> EXERCISE: Starting at the line that contains "ลับลางลวง ตอนที่ 103 โจแทช็อง รูปที่ 20", transcribe every remaining line of the entries exactly, including the last one.

> AVAILABLE DATA:
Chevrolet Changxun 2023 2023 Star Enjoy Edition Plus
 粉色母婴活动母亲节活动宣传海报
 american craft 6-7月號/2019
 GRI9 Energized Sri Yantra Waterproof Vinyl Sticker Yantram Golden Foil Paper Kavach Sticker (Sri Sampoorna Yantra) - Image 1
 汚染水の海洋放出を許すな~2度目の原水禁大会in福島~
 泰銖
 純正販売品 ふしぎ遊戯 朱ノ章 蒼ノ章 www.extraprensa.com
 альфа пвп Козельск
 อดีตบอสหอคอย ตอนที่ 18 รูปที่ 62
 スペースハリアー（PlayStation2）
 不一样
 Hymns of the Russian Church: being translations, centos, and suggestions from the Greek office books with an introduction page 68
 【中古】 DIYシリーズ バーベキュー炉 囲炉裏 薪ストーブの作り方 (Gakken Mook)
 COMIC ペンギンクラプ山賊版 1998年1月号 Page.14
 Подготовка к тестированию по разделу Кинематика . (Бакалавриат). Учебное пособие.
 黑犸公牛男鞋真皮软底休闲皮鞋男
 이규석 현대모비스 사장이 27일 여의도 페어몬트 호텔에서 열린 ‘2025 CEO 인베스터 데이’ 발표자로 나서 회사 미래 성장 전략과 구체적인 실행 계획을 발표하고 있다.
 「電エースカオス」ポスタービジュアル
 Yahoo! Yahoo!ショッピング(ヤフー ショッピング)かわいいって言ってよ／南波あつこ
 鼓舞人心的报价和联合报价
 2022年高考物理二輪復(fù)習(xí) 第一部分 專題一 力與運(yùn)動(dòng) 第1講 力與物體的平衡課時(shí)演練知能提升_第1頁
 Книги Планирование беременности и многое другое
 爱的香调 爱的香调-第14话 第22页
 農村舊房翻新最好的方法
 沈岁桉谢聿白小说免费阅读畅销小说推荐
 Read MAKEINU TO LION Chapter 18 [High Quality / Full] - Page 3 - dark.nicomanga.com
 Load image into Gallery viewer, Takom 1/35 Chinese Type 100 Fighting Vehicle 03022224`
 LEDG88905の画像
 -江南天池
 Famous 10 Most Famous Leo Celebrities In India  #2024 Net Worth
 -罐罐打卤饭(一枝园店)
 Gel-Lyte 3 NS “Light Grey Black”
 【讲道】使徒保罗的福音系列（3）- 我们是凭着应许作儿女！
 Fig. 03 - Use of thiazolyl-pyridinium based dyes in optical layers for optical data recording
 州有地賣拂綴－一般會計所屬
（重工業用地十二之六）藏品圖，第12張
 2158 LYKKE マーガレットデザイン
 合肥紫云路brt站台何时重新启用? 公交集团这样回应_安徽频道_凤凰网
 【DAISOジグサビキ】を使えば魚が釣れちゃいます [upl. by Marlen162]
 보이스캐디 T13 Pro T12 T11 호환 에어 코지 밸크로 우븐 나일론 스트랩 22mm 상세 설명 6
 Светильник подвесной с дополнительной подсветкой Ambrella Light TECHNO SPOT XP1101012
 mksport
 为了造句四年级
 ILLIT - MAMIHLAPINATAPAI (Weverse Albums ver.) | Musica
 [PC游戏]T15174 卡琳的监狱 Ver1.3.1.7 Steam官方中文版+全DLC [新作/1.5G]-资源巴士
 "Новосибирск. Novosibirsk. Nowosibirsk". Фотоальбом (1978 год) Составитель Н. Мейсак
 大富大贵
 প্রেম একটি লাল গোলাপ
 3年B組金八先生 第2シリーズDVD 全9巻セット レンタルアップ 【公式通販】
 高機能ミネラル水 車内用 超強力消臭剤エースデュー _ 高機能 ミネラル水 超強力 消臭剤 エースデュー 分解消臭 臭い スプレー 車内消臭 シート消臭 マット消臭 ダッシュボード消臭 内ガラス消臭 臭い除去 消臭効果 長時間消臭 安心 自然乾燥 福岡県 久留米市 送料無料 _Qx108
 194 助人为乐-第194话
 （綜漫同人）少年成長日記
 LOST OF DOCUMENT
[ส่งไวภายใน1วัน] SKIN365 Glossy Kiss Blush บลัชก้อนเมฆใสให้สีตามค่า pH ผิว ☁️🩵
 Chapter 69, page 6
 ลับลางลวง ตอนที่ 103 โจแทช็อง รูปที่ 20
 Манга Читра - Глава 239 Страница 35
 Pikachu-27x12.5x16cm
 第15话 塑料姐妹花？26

> SOLUTION:
 ลับลางลวง ตอนที่ 103 โจแทช็อง รูปที่ 20
 Манга Читра - Глава 239 Страница 35
 Pikachu-27x12.5x16cm
 第15话 塑料姐妹花？26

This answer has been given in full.